*** RECORDS TO USE ***

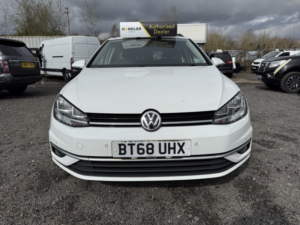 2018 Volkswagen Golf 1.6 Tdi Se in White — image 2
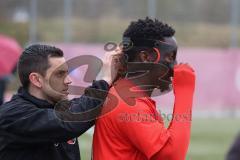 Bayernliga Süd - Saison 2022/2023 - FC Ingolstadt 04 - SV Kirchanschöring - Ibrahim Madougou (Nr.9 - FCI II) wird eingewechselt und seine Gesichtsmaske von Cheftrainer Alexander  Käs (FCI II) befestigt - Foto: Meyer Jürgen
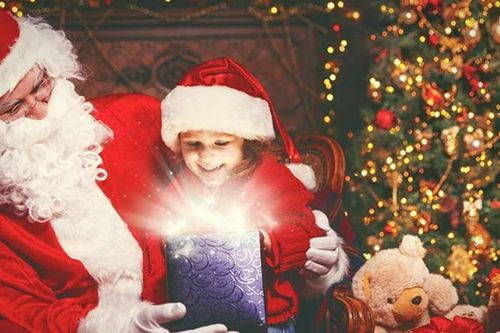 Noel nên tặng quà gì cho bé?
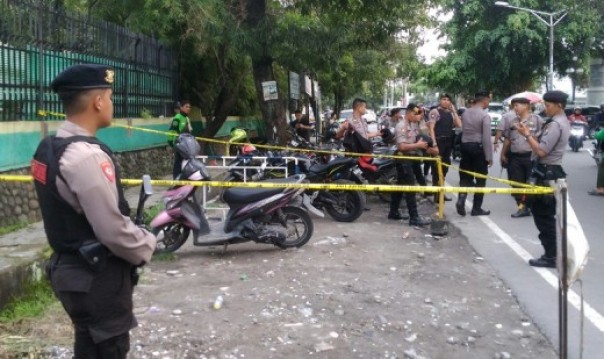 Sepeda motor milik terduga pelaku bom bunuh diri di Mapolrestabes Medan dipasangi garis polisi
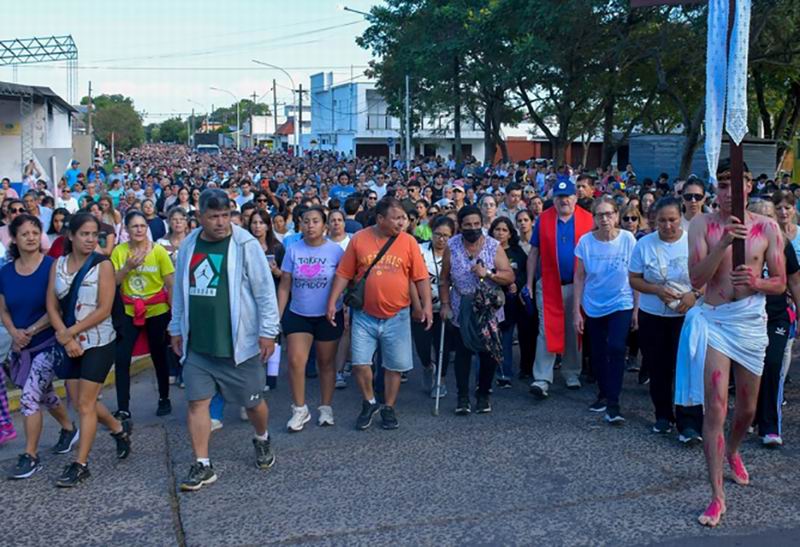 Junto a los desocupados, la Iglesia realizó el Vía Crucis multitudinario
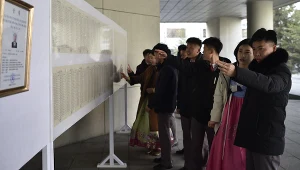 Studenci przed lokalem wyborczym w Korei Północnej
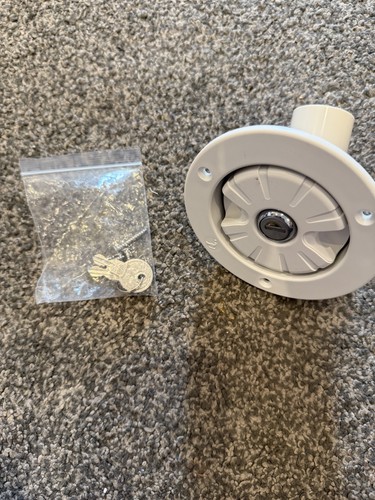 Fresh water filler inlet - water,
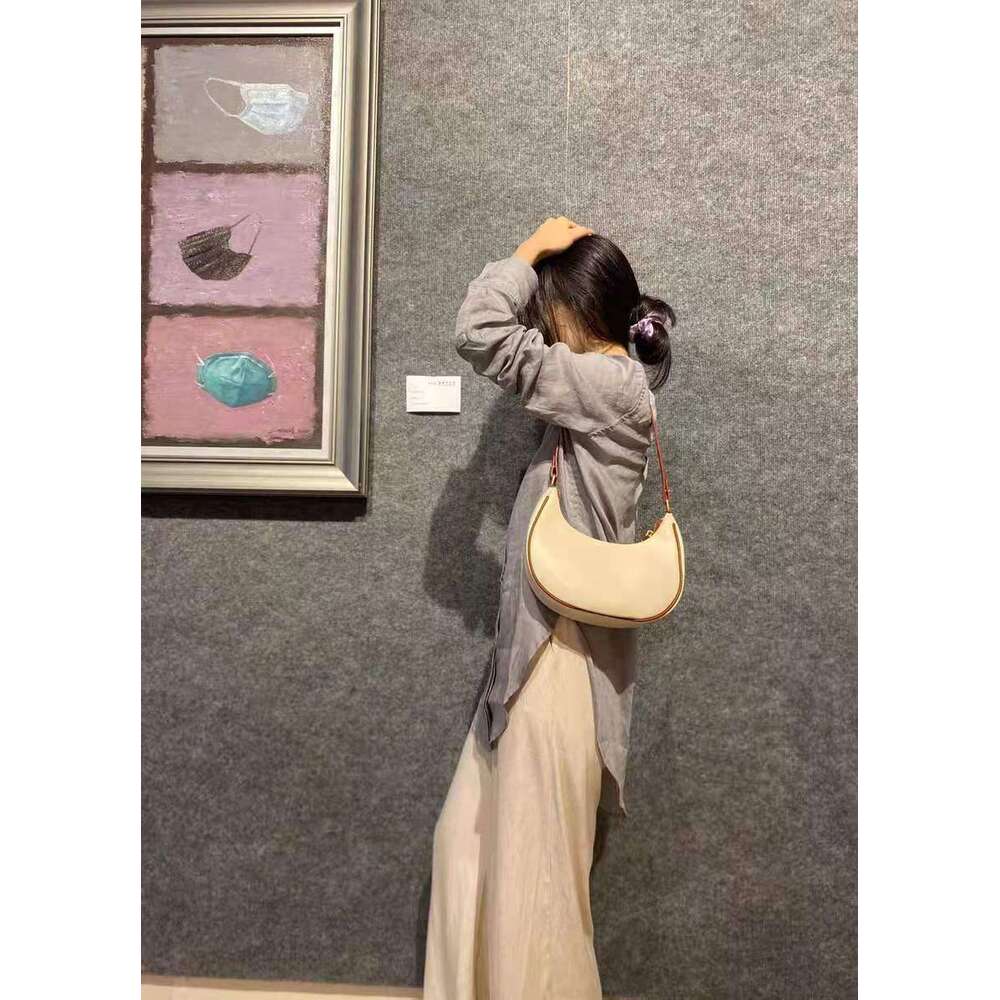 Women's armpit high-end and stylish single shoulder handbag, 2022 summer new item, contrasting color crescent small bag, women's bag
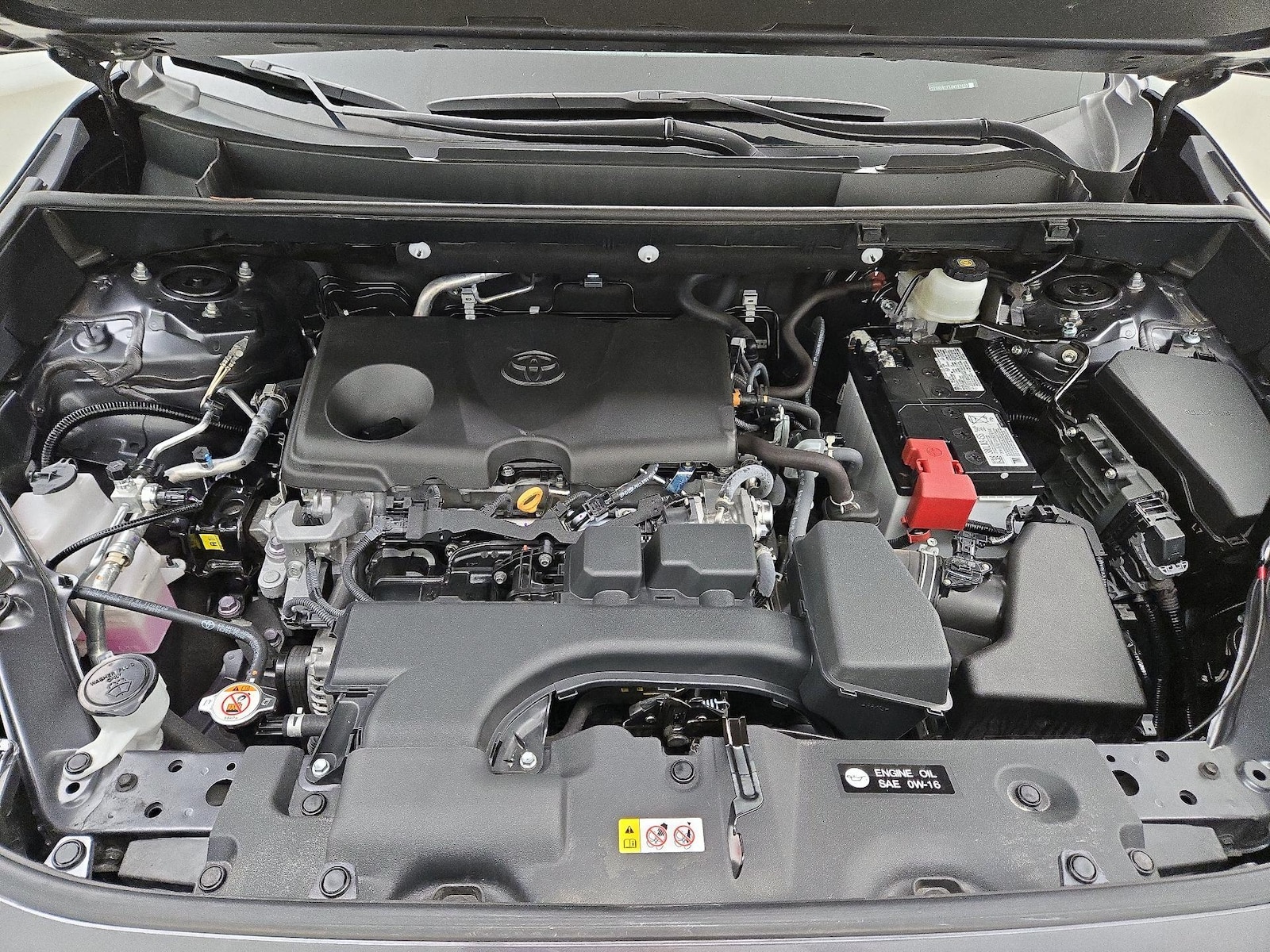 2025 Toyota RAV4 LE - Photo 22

*** End of RECORDS TO USE ***

* **WHAT IS EXPECTED**:
A word-for-word copy is needed, starting at the first line of the listing and ending with the line bearing "Fresh water filler". No pictures.

* **RESULT**:
 2018 Volkswagen Golf 1.6 Tdi Se in White — image 2
 Bayernliga Süd - Saison 2022/2023 - FC Ingolstadt 04 - SV Kirchanschöring - Ibrahim Madougou (Nr.9 - FCI II) wird eingewechselt und seine Gesichtsmaske von Cheftrainer Alexander  Käs (FCI II) befestigt - Foto: Meyer Jürgen
 Noel nên tặng quà gì cho bé?
 Sepeda motor milik terduga pelaku bom bunuh diri di Mapolrestabes Medan dipasangi garis polisi
 Junto a los desocupados, la Iglesia realizó el Vía Crucis multitudinario
 Studenci przed lokalem wyborczym w Korei Północnej
 Fresh water filler inlet - water,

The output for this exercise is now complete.